Entro al Bar con la intención de pecar. Tenía años que no salía de noche y menos a lugares vetados por los ojos moralistas. Se encuentra en una esquina, luego de atravesar el puente de la avenida Kalista. Es una mezcla de voces, copas y música que baila por los aires, en una danza permanente con el humo de los cigarrillos y algunas yerbas sospechosas. Las mesas son pequeñas y las sillas aun más, el efecto crea un ambiente enanizado.
Allá veo a una mujer preciosa, con la minifalda tan corta que apenas cubre la zona de los pecados. Tiene el culo firme y orgulloso. La tela no estorba para llegar a él con las ansias inspiradas por su anatomía. Conversa con un sujeto más bajo que ella, injusticia causada por los tacones que le hacen ver muy sexy e imponente, agigantada, inalcanzable. El hombre pasa de los cuarenta años y le brilla el coco cada vez que se coloca en algún ángulo cercano a la luz.

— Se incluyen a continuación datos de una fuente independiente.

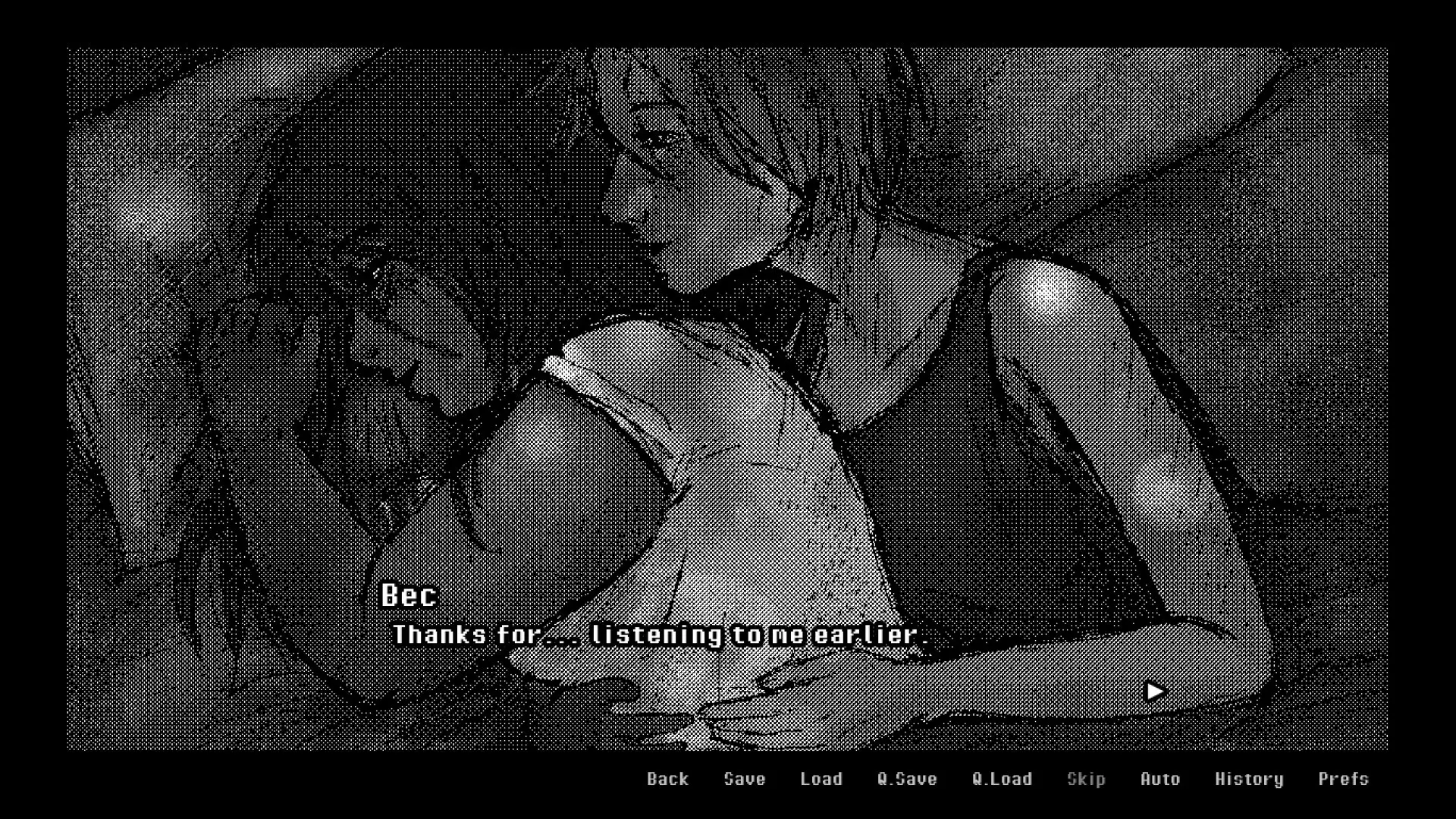 -DEVIL'S LIMINAL-游戏截图-好玩游戏库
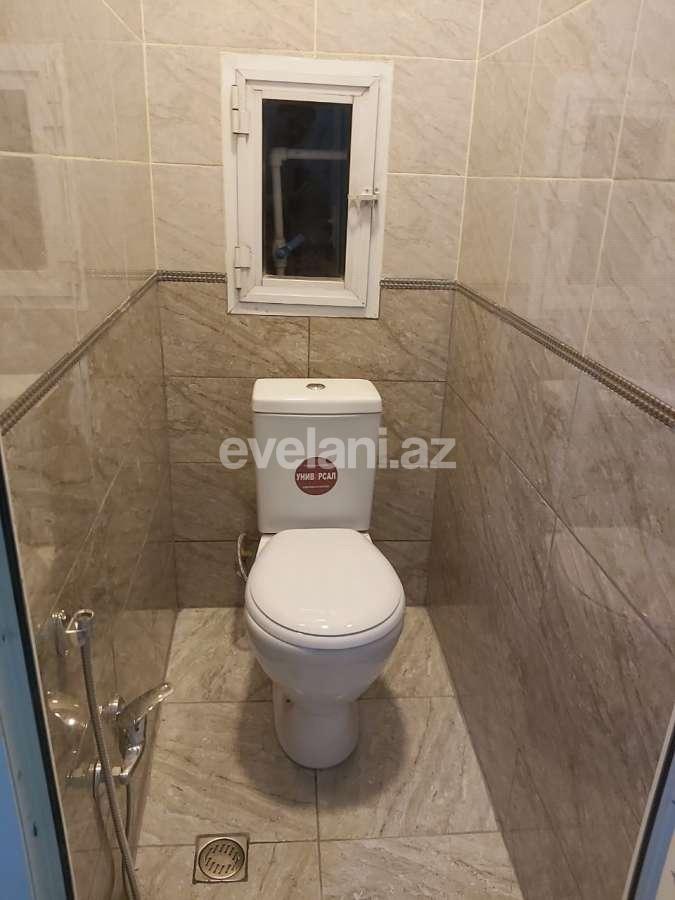 Satılır, köhnə tikili, 3 otaqlı, 70 m², Bakı, Binəqədi r, Xutor q, Memar Əcəmi m.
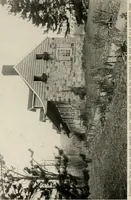 An illustration from Architectural styles for country houses: the characteristics and merits of various types of architecture as set forth by enthusiastic advocates (1912)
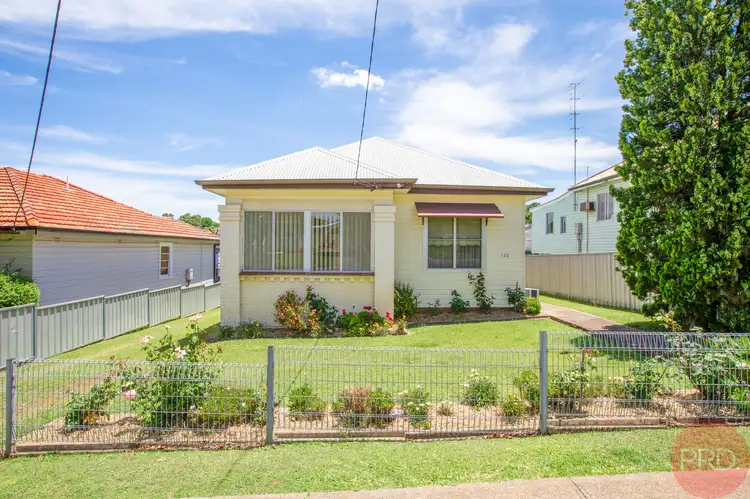 Main view of Homely house listing, 122 South Street, Rutherford NSW 2320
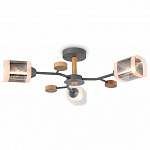 Люстра на штанге Ambrella Light TR TR3033231 250_100_Array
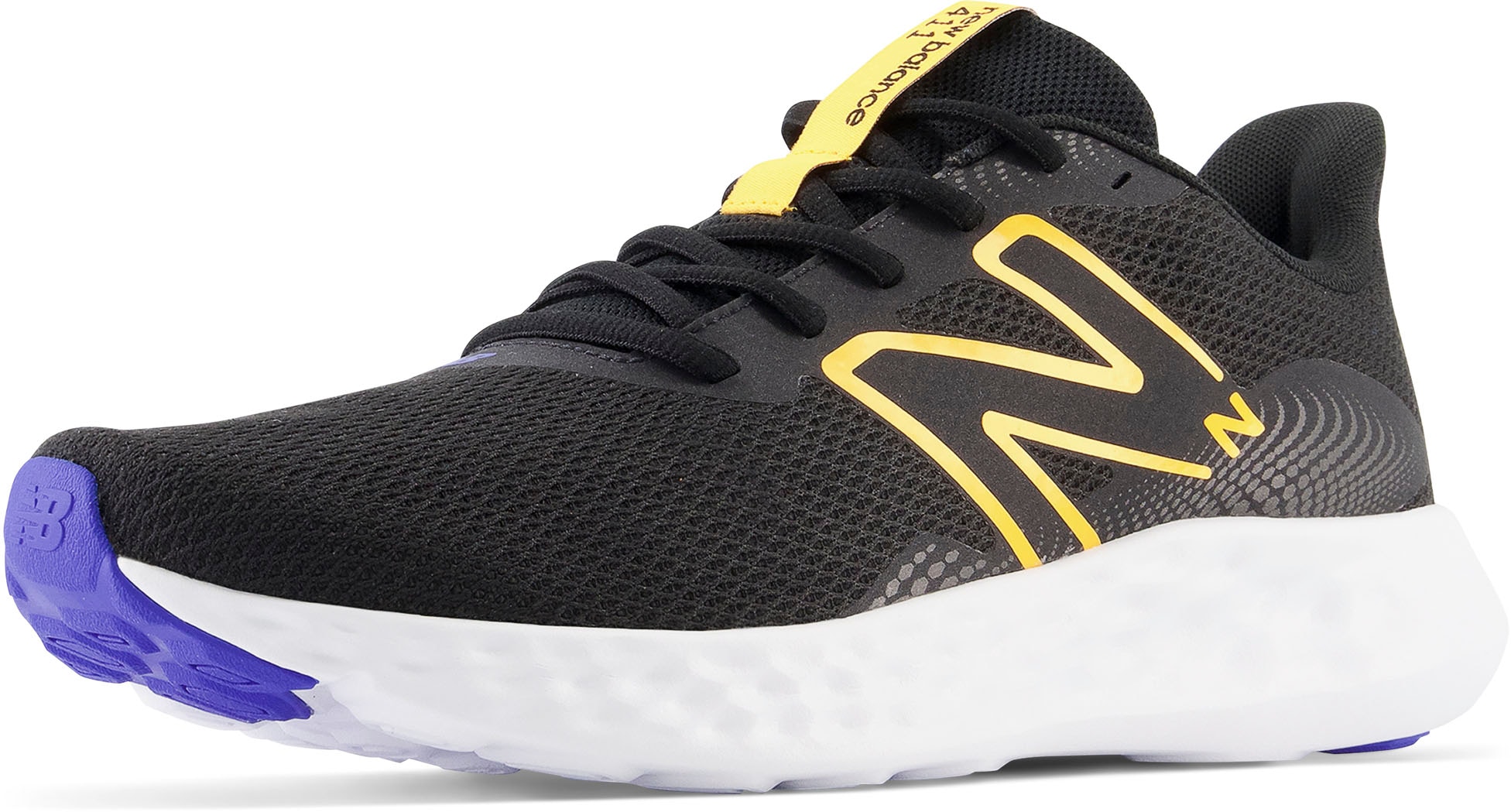 New Balance Laufschuh »M411«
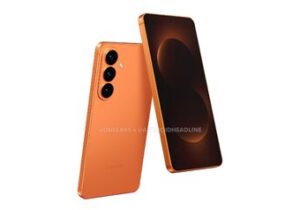 سامسونگ ناخواسته طراحی گلکسی اس ۲۶ را فاش کرد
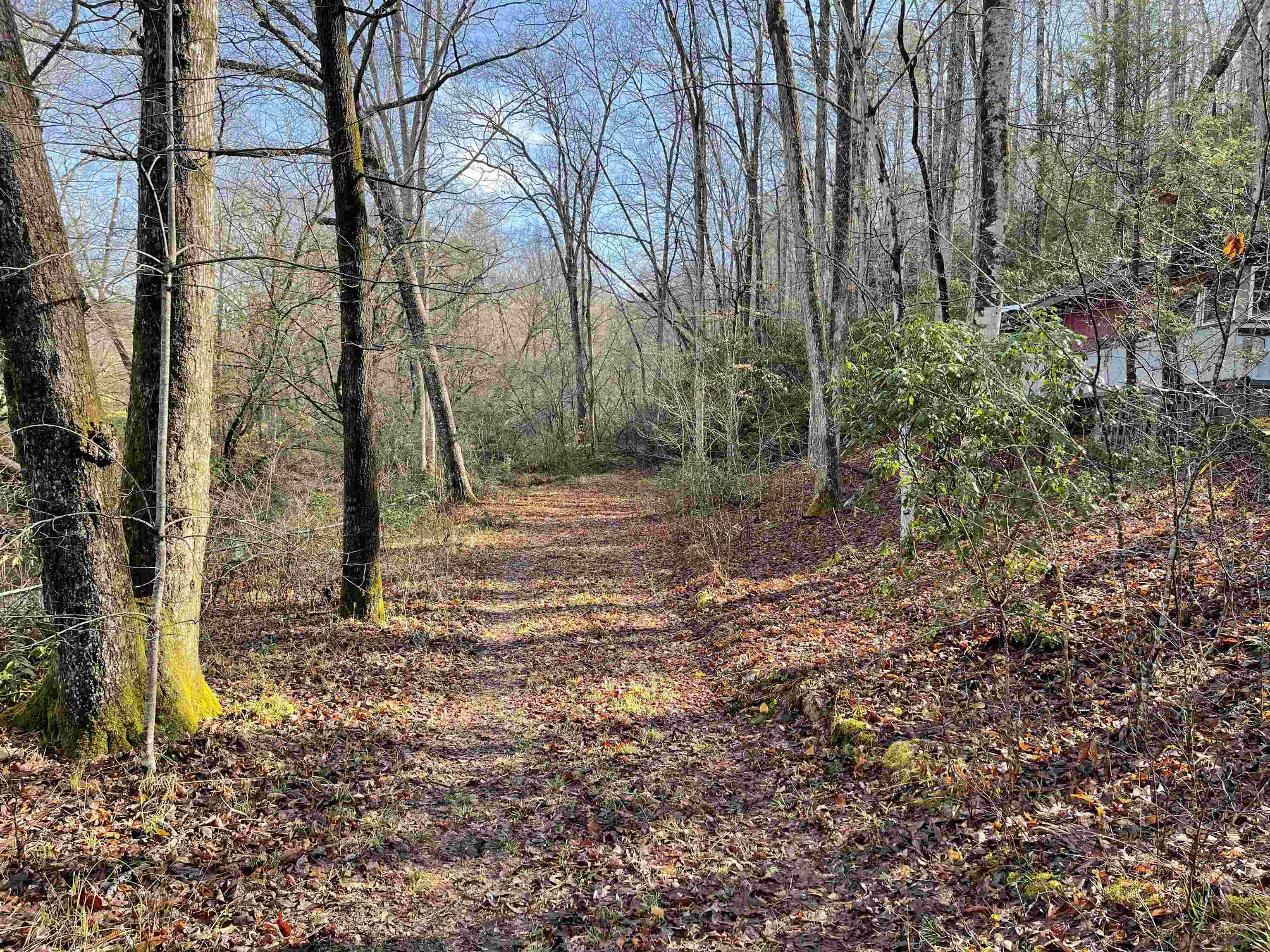54 Rivermont Road Cleveland, SC 29635 - Photo 2 of 7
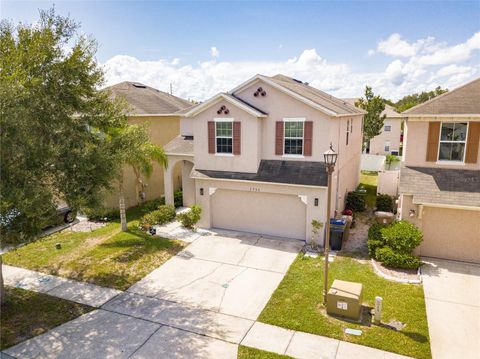 A home in KISSIMMEE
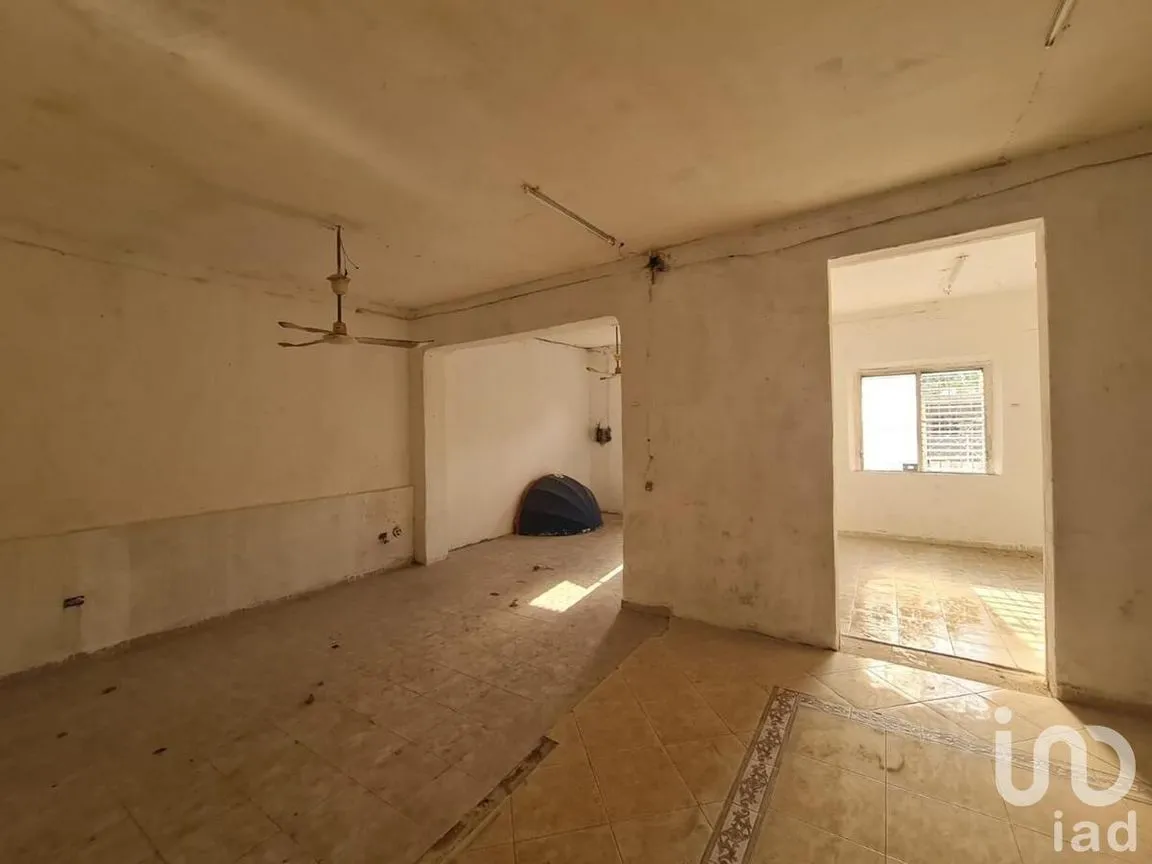 Casa en Venta en Mérida Centro, Mérida, Yucatán | NEX-228497 | iad México | Foto 2 de 10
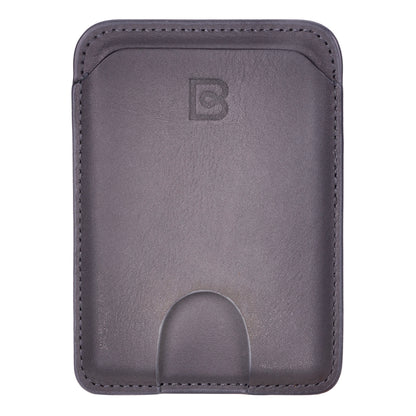 MagFit Leather Magnetic Card Holder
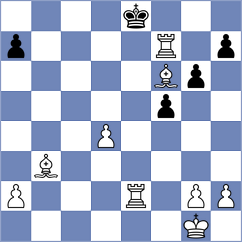 Casas - Buchlin (Europe Echecs INT, 2021)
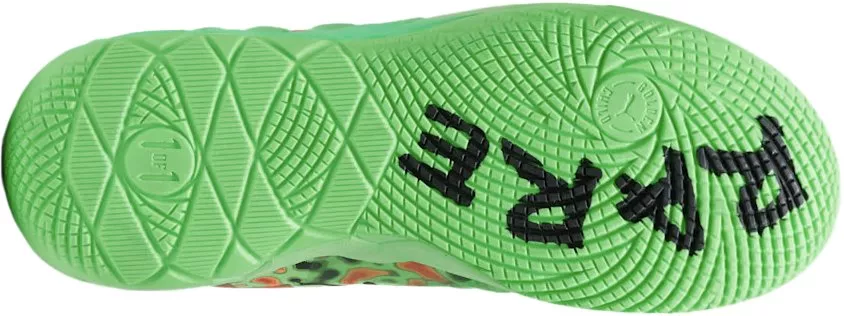 Zapatos de baloncesto Puma MB.01 Thermal shoes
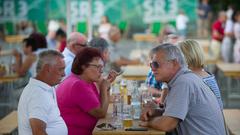 Der Montag auf der SR 3-SommerAlm 2018 (Foto: Pasquale 'Angiolillo)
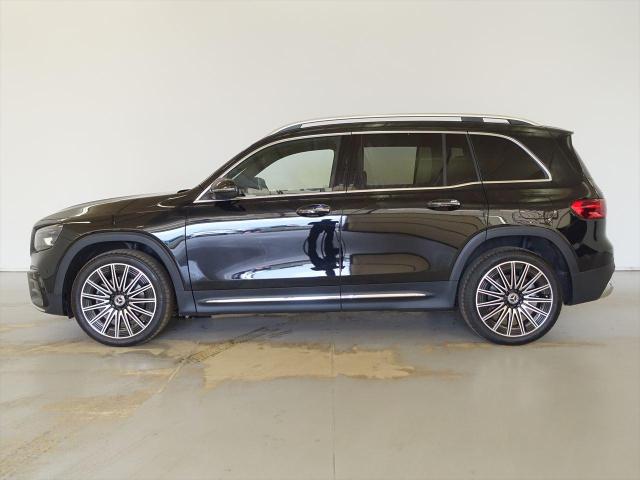 GLB200 d 4MATIC AMGラインパッケージ・AMGレザーエクスクルーシブパッケージ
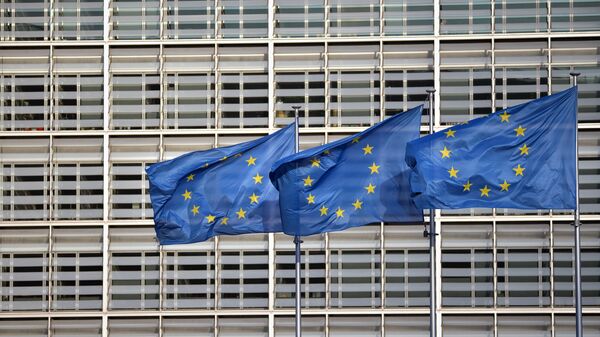 ЕК ухудшила прогноз по инфляции в ЕС в 2026 году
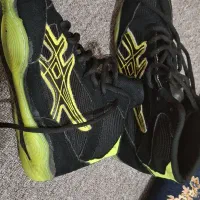 کتونی کشتی|کیف، کفش، کمربند|چهاردانگه (تهران), |دیوار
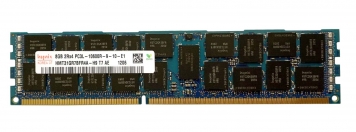 Оперативная память Hynix HMT31GR7BFR4A-H9 DDRIII 8Gb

Su panza comunica noticias, datos alentadores para otros candidatos que deseen relevarlo en su papel de seductor atrapado en sus propias mentiras.
El caballero sonríe y su dentadura es impecable, con blancos profesionales, tan perfecta que desentona al mezclarse con el resto de su cuerpo. La mujer no está impresionada ni por los dientes, ni por el verbo de su interlocutor. Sus ojos giran en círculos escapatorios, como satélites al acecho de algo que persiguen, pero no encuentran. Cruza los brazos sin bajar la mirada, de tal forma que el hombre parece hablar con un par de tetas, que van vestidas como las piernas de su dueña, avivando fantasías que agravan los pecados anhelados.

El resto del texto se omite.